For Immediate Release, January 26, 2015
Contact: Randy Serraglio, (520) 784-1504, firstname.lastname@example.org
Obama Administration Approves SunZia Transmission Lines Through Key Wildlife Habitat
Major Utility Corridor Would Tear Apart San Pedro River Valley
TUCSON, Ariz.— Interior Secretary Sally Jewell has given formal federal approval for the construction of high-voltage electrical transmission lines through the biologically rich, unfragmented landscape of the middle San Pedro River Valley in southern Arizona. The massive 500-kv lines of the SunZia Southwest Transmission Project will require construction of many miles of support roads and 150-foot-tall towers, creating one of the West’s largest utility corridors directly in one of the most important bird migration pathways in the United States.

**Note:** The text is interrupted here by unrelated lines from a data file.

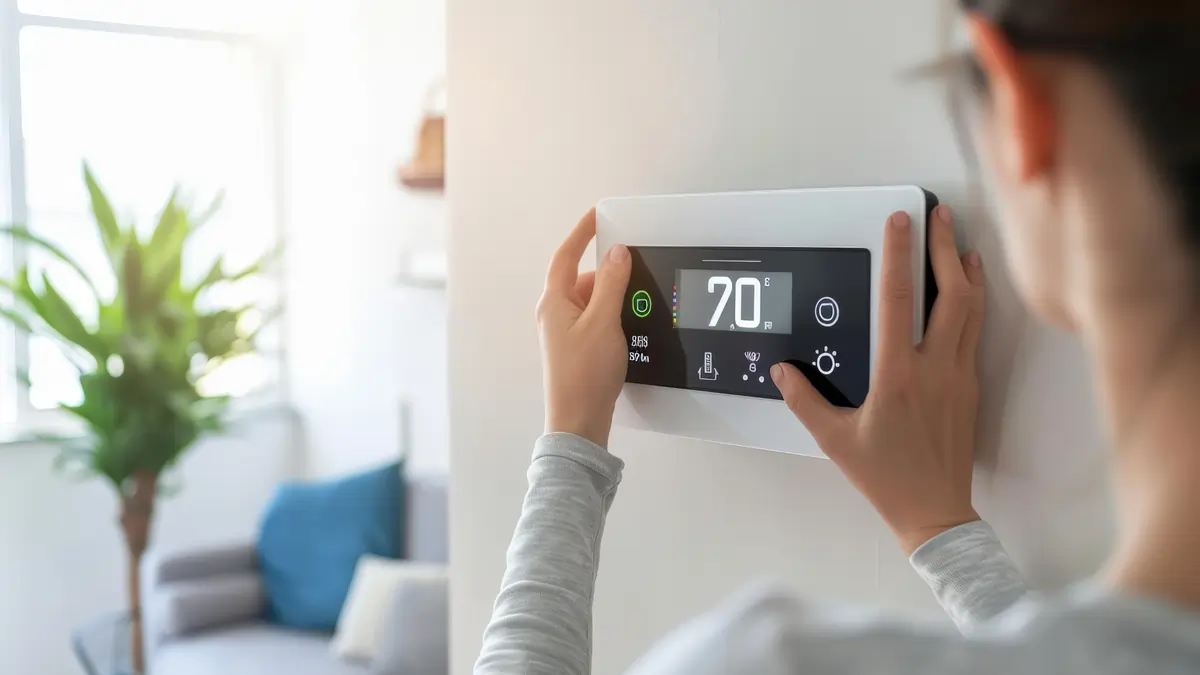 Homeowner adjusting a smart thermostat on the wall Top Notch Heating Cooling Plumbing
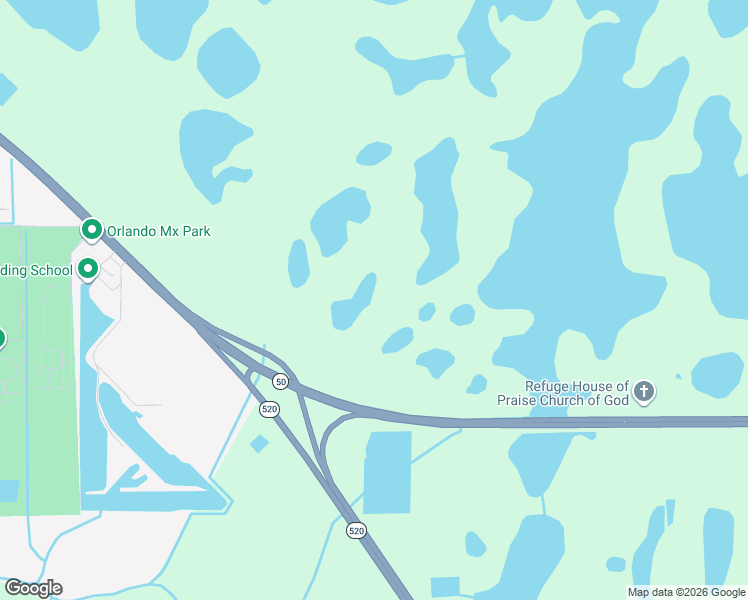 map of restaurants, bars, coffee shops, grocery stores, and more near 20105 East Colonial Drive in Christmas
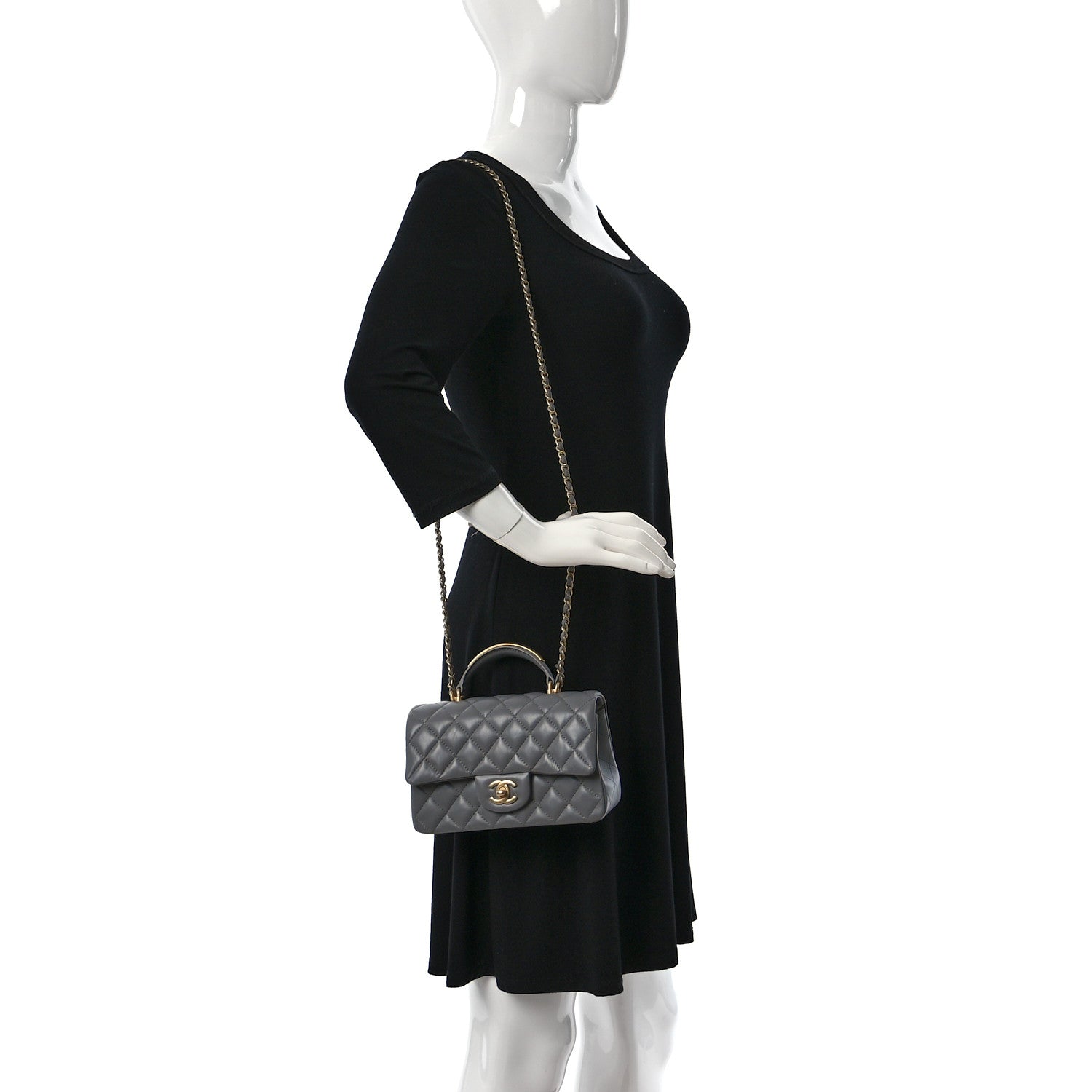 Chanel Lambskin Metal Quilted Mini Top Handle Rectangular Flap Grey 2 of 9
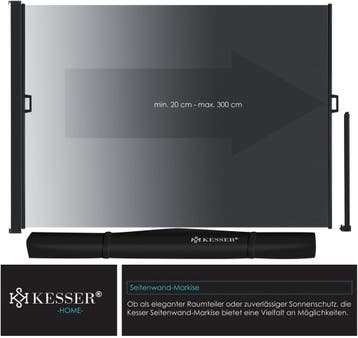 KESSER® Zijzonwering uitschuifbaar zonnescherm 300x180 ondoo, Verzenden, Zo goed als nieuw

“There’s no justification for sacrificing an area as biologically rich and critically important to wildlife as the San Pedro River Valley for such a dubious project,” said Randy Serraglio, conservation advocate at the Center for Biological Diversity. “Millions of birds — hundreds of different species — use the San Pedro corridor for essential migration every year, and this unfragmented landscape provides important habitat and connectivity for terrestrial animals as well.”
The “preferred” route approved by Jewell for SunZia runs from central New Mexico to central Arizona, ostensibly to promote development of wind energy by creating the transmission capacity to deliver it to neighboring states. But both California and Arizona officials have said repeatedly that they’re not interested in purchasing wind power from New Mexico, since they expect to meet all of their renewable energy needs in-state. Also, the only independent analysis done on the SunZia project concluded it was not economically feasible.
A flawed Bureau of Land Management environmental analysis of the project dismissed extensive public comments showing that SunZia is not likely to promote renewable energy production in any significant way.
“SunZia is a classic bait-and-switch, a project that pretends to promote renewable energy but is really more about a natural gas power plant that SunZia’s investors have acquired permits for but have been unable to build owing to lack of transmission capacity,” said Serraglio. “As important as the push for renewable energy has become, it’s a shame when a questionable project like this creates distractions and unnecessary conflicts.”
“Tens of millions of dollars have been invested in conservation of the middle and lower San Pedro River Valley,” said Serraglio. “Compromising that investment for a scam like SunZia is unfair to the communities, agencies and organizations doing that work as well as the wildlife that benefit from it.”
The Center for Biological Diversity is a national, nonprofit conservation organization with more than 800,000 members and online activists dedicated to the protection of endangered species and wild places.